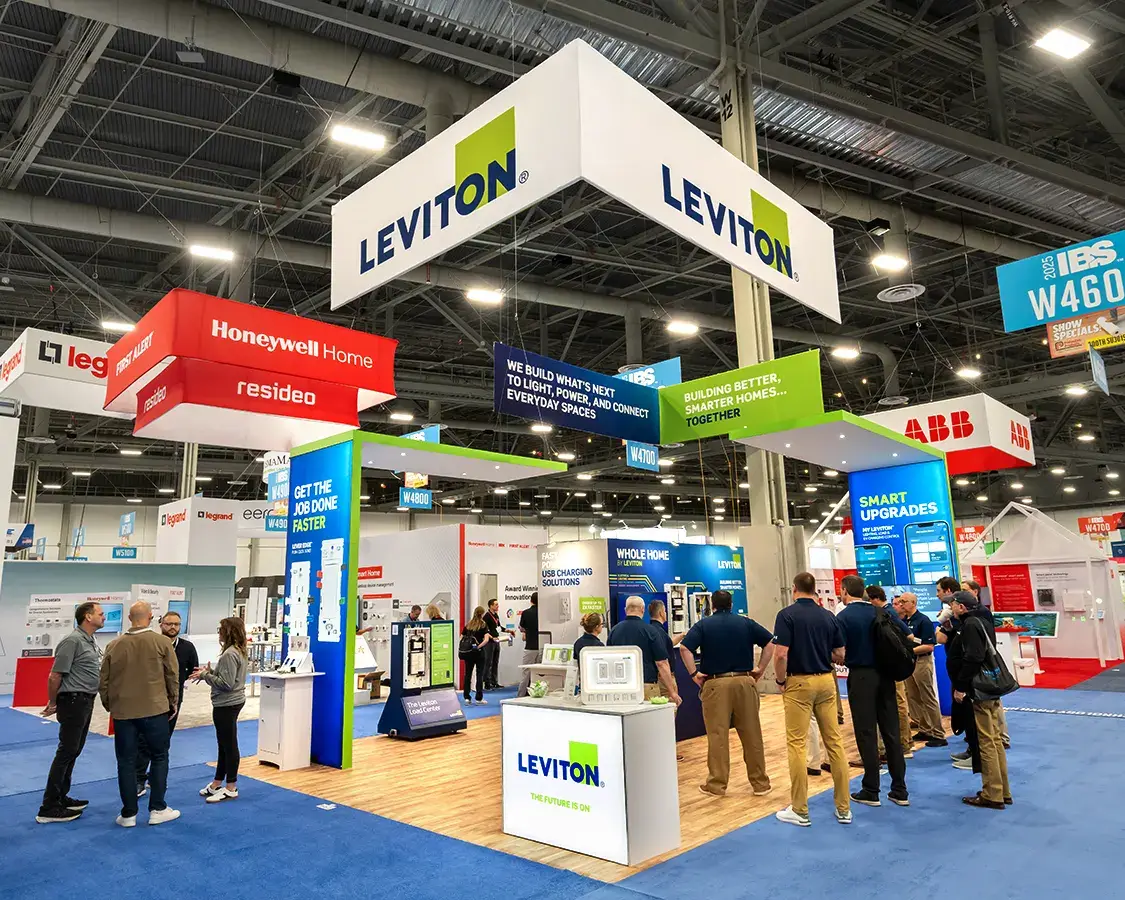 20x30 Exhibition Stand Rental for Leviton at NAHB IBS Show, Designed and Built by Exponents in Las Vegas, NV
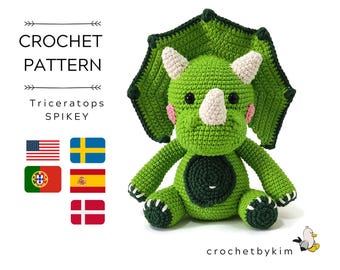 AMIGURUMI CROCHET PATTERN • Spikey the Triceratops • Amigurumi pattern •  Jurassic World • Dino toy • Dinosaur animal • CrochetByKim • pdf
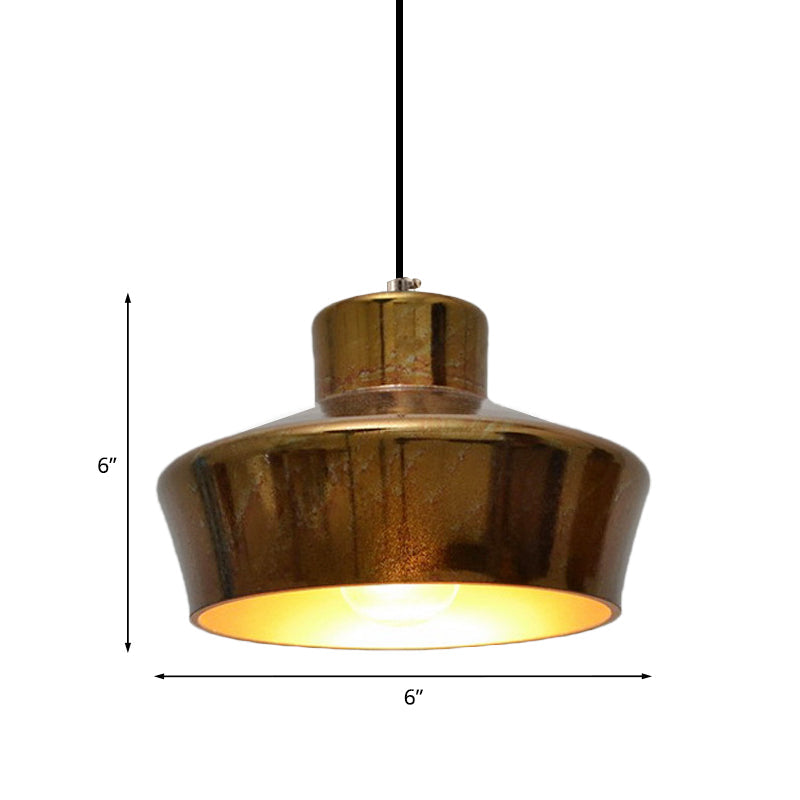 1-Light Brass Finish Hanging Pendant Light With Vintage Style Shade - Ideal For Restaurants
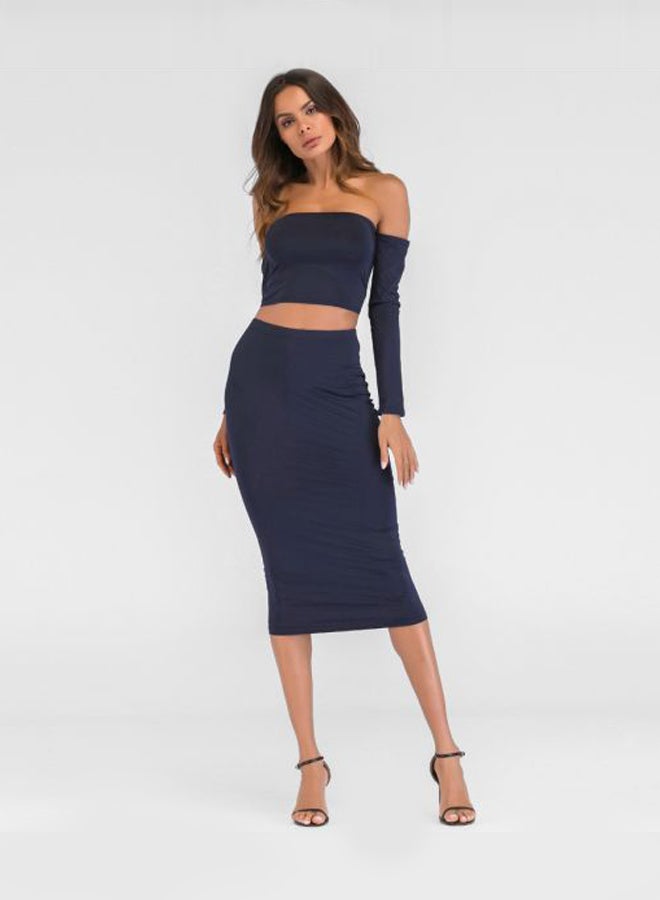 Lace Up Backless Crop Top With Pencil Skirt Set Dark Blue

* * *

**Work order**
When a picture appears in the material, please pass over it while retyping the rest exactly.

**Your response**
 20x30 Exhibition Stand Rental for Leviton at NAHB IBS Show, Designed and Built by Exponents in Las Vegas, NV
 AMIGURUMI CROCHET PATTERN • Spikey the Triceratops • Amigurumi pattern •  Jurassic World • Dino toy • Dinosaur animal • CrochetByKim • pdf
 1-Light Brass Finish Hanging Pendant Light With Vintage Style Shade - Ideal For Restaurants
 Lace Up Backless Crop Top With Pencil Skirt Set Dark Blue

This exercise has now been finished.